In database-integrated genome-screening (DIGS), the output of similarity search-based genome 'screens' is captured in a relational database. This facilitates the implementation of automated screens that can be performed on a large scale, and allows for the interrogation and manipulation of output data using structured query language (SQL).

The Database-Integrated Genome-Screening (DIGS) tool aims to provide a robust and extensible framework for systematic, BLAST-based in silico screens of molecular sequence databases and for interrogating the resulting data.

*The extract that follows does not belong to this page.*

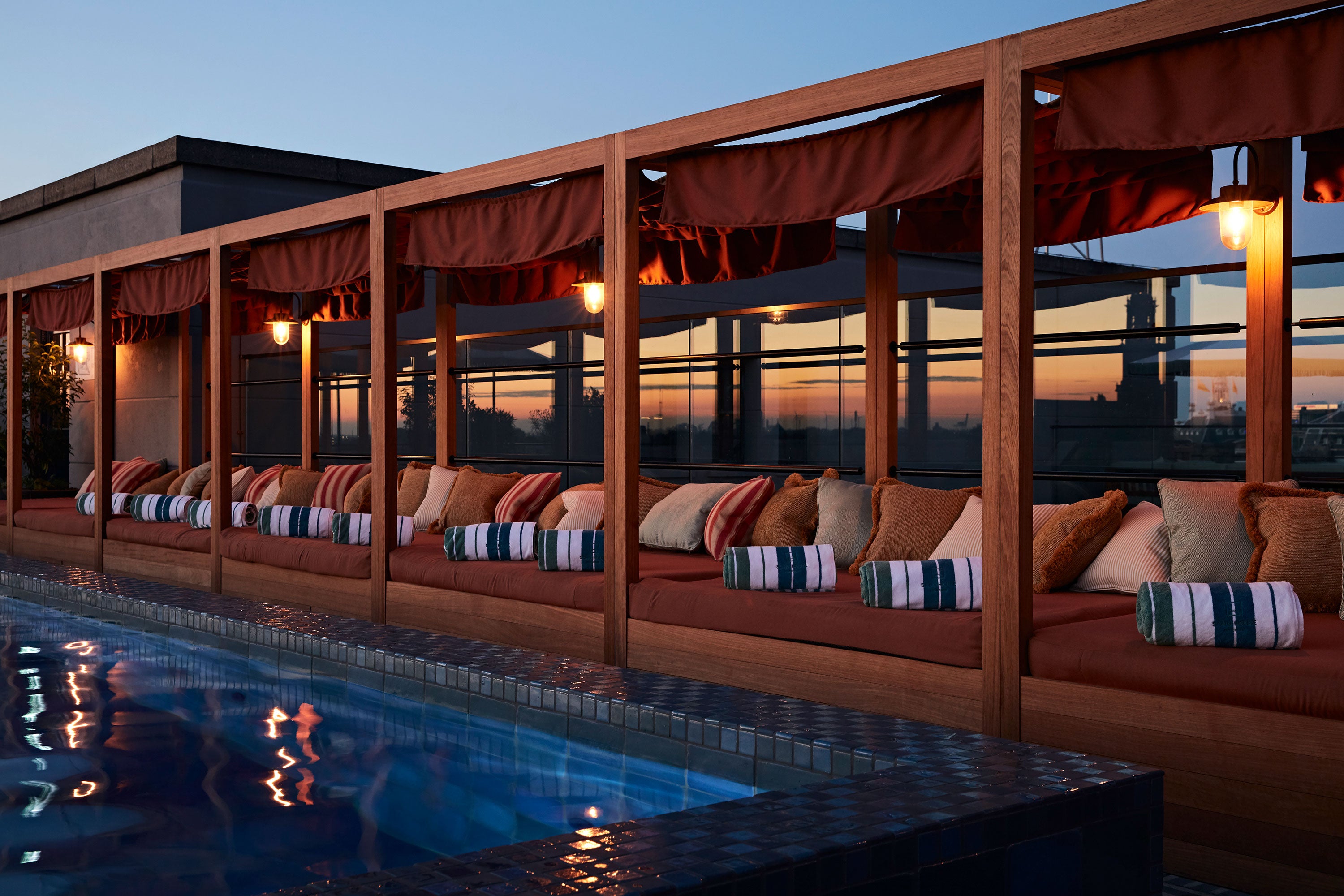 <p>The rooftop pools at the various outposts of Soho House (Soho House Amsterdam pictured) are often a highlight of a visit</p>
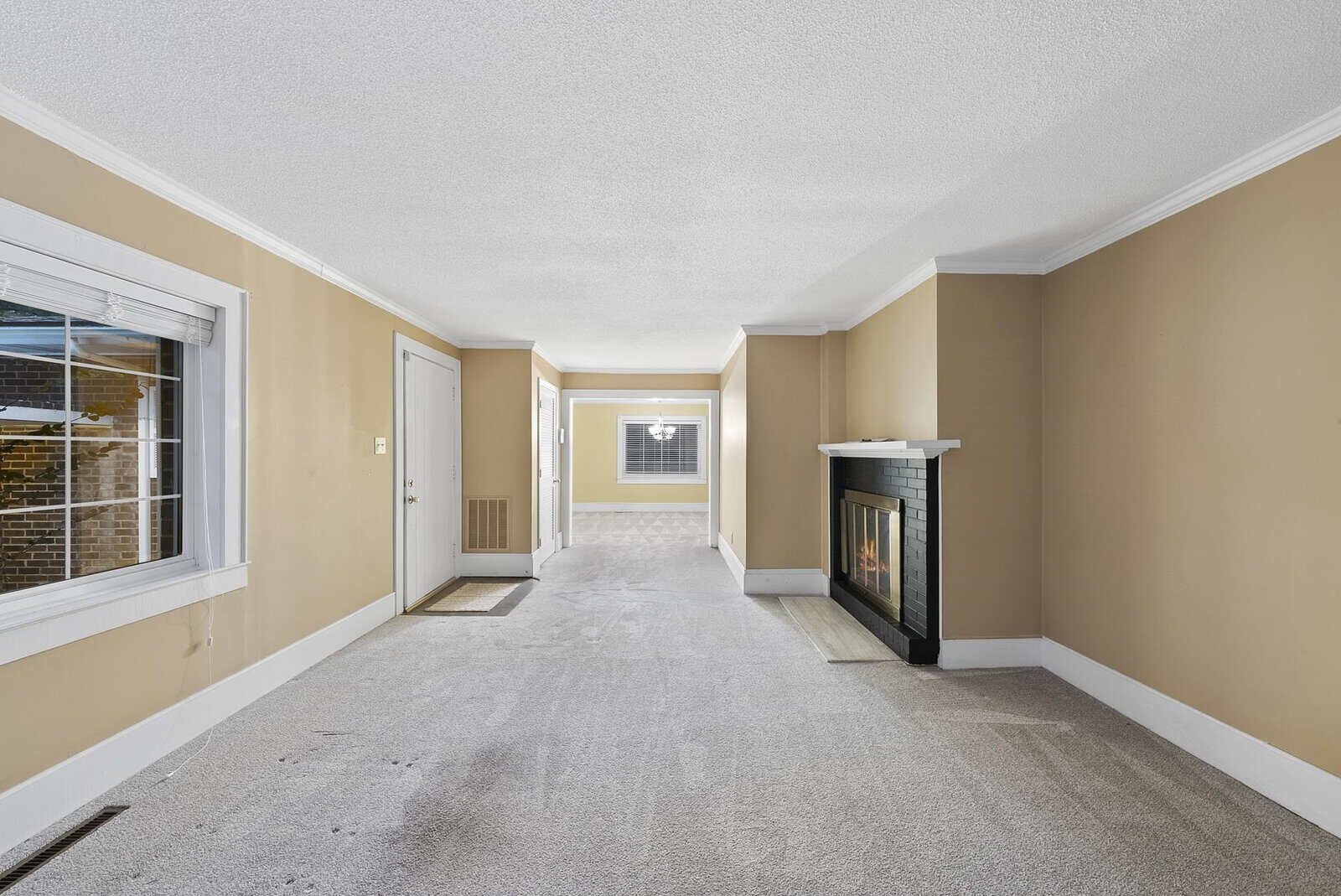 A spacious, empty room featuring beige walls, a gray carpeted floor, a fireplace on the right side, windows allowing natural light, and multiple doorways leading to adjoining rooms.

The DIGS tool uses the basic local alignment search tool (BLAST) to perform sequence similarity searches. Two rounds of BLAST are performed. In the first round (forward BLAST), query sequences selected from the reference sequence library (the 'probes') are used to search target databases. In the second round (reverse BLAST), sequence ‘hits’ identified by screening are extracted from genomes and assigned a genotype by BLAST comparison to the reference sequence set.

The reverse BLAST step is included because probe sequences can often cross-match to a wide range of homologous sequences in the initial BLAST screen. For example, consider a gene that has two paralogs, ‘X’ and ‘Y’. Screening with a probe of type X may yield hits to both X and Y. Comparing hits to a library of representative reference sequences in the second BLAST step provides an efficient means for users to discriminate which hits are more like X’s and which are more like Y’s.